Assignment: You are asked to design a data annotation job which humans will execute. Hence, you need to make sure your instructions are clear so that you won’t have any bias in your dataset. The goal is to train xray images taken of children who might show symptoms of pneumonia.

Review: The theory videos were quite helpful but mainly explained how the platform works that you will use in the assignment. The assignment itself was very interesting since it is more tricky than you might think to make sure your instructions result in good training data.

Third part: Build a model

Theory: The theory part explains how to prepare and analyse the data. The theory part is quite short and the main learning for me were the concepts of precision and recall.

Assignment: You use the dataset of the previous assignment (x-ray images) and run four different models on the Google ML platform. I really liked this exercise since you see, for example, how an unbalanced dataset affects your model’s performance. Further, it was great to use the Google ML platform and I will use for future projects.

Review: The theory was very short and I didn’t learn very much. The assignment was great, I really liked it.
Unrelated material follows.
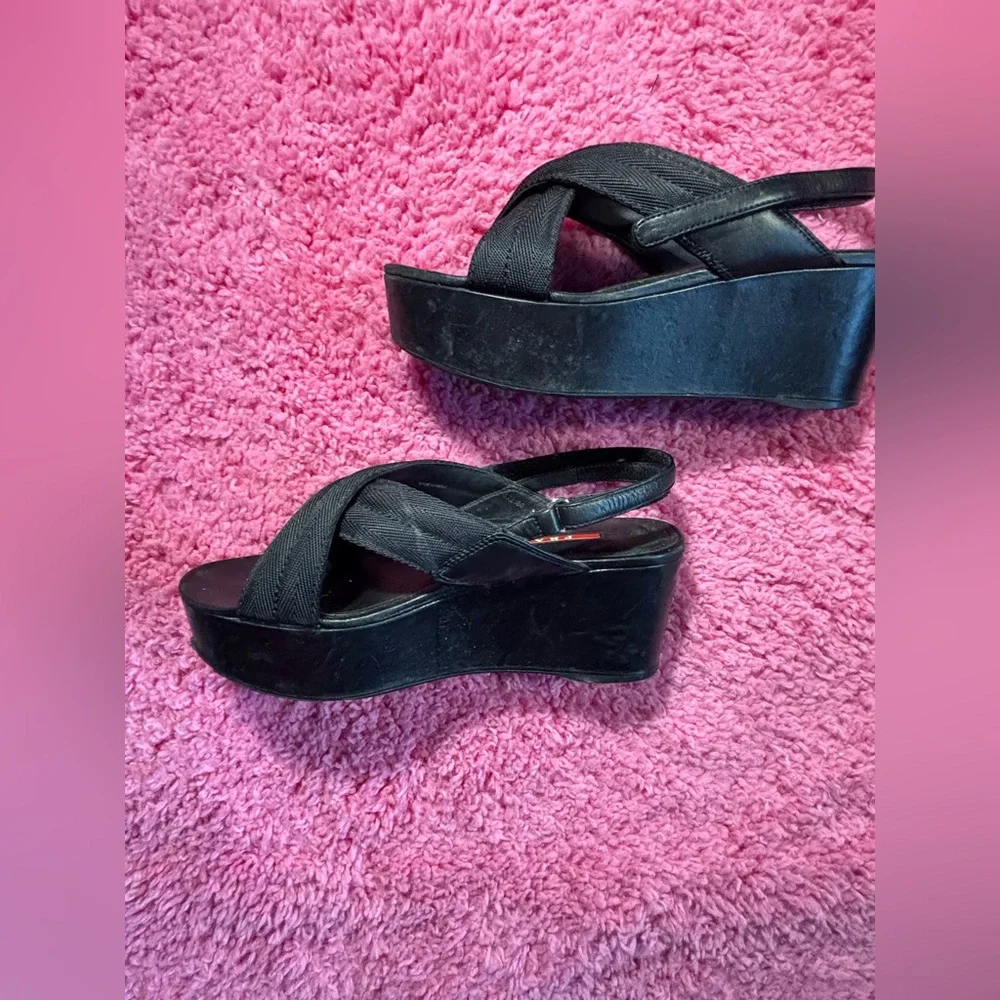 Prada Vintage criss cross Platform Sandals Black Leather Shoes Velcro strap 90s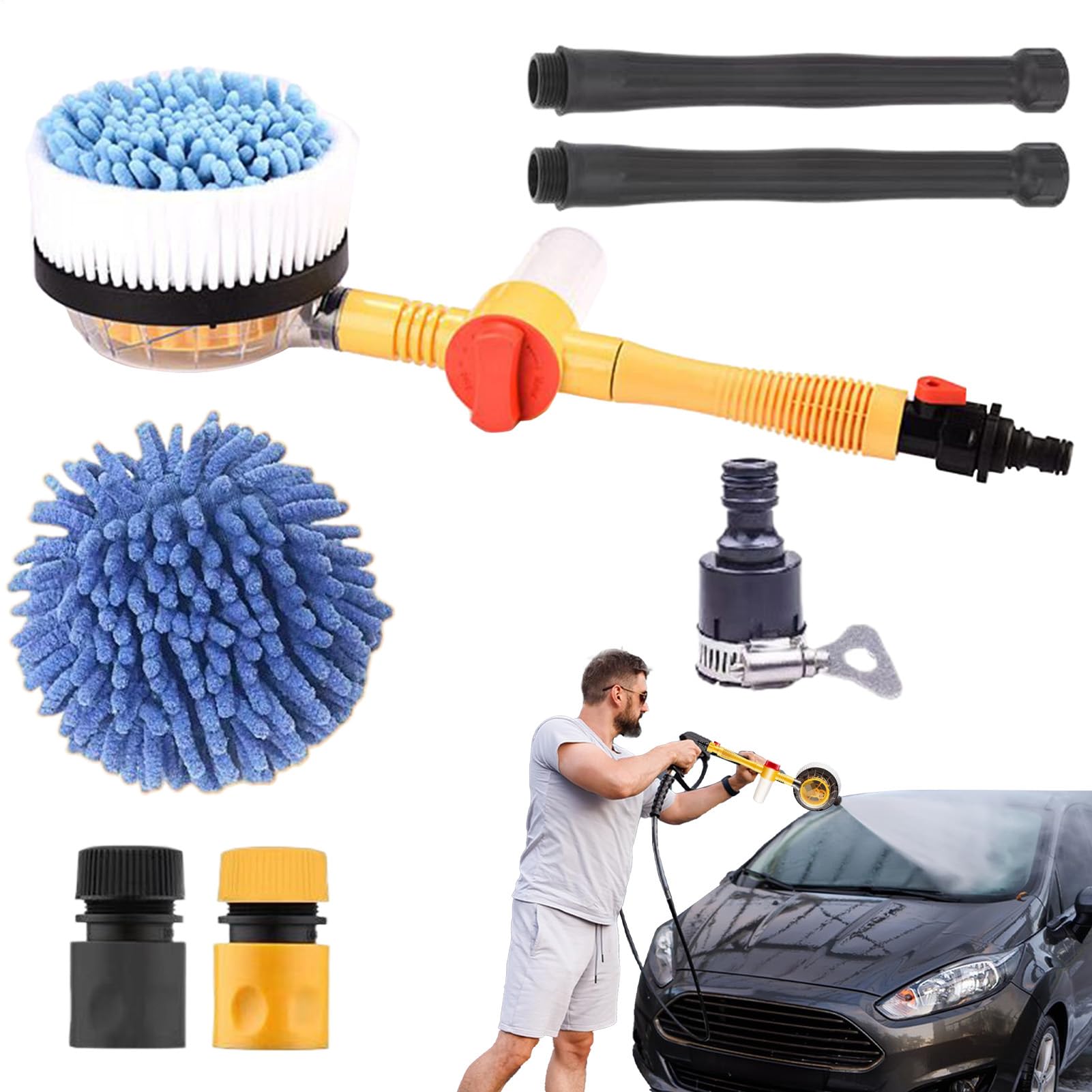 Szczotka Do Czyszczenia Mop do Mycia i Odkurzania Samochodu | Miękka Głowica Do Czyszczenia Pojazdów Dla Ciężarówek SUV Sedanów Kamperów Wnętrza Nadwozia Szyb i Przedniej Szyby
Fourth part: Measuring impact and updating models

Theory: In this part you learn how to measure the impact of your machine learning product on the impact and how to roll out such a product. I honestly felt this part was quite weak and all the slides could apply to any product. This part might be only interesting to people who are very new to product management.

Assignment: You need to write a proposal for a product using machine learning. You need to describe the industry, the problem and its business value, the dataset and how to mitigate risks of bias etc. I used one use case of a company I had worked for. It was pretty easy and I am not sure how useful this exercise actually was. Further, I wrote 5 pages and got a reply within a few hours that I had passed my assignment. I think my report was pretty good, but I would have liked that I get challenged way more by Udacity’s reviewer.

Time investment:

I had bought a 2 months access to the programme since this was cheaper than paying per month. A mistake. I invested around 5–10 hours per week and finished the course in a bit more than three weeks (!).

Conclusion:

I have mixed feelings about the course. I really like the concept and idea of the course and definitely enjoyed the first two exercises — the data annotation project and the model project are really great. The theory videos are well produced and the shown content is useful in most of the cases but I can’t say that I learned a hell of a lot. You can definitely learn more for way less money — however then you also need to combine the material of different blogs/courses.

Should you take it?

If you are new to Product Management and just started looking into Data Science & Machine learning, this course might be interesting for you. However, it is also quite expensive for what you actually get. You can get the same or even better content by combining other courses and blog posts.

My next steps

Next, I want to get my hands dirty and run models and participate in Kaggle Contests. I like hands-on courses and recently watched the amazing podcast episode of the AI Podcast with Jeremy Howard, founder of the fast.ai platform:

I really enjoy his view on getting into machine learning and will take Fast.Ai’s Practical Deep Learning for Coders course.

Are you a Product Manager and also did some machine learning course? What are your thoughts?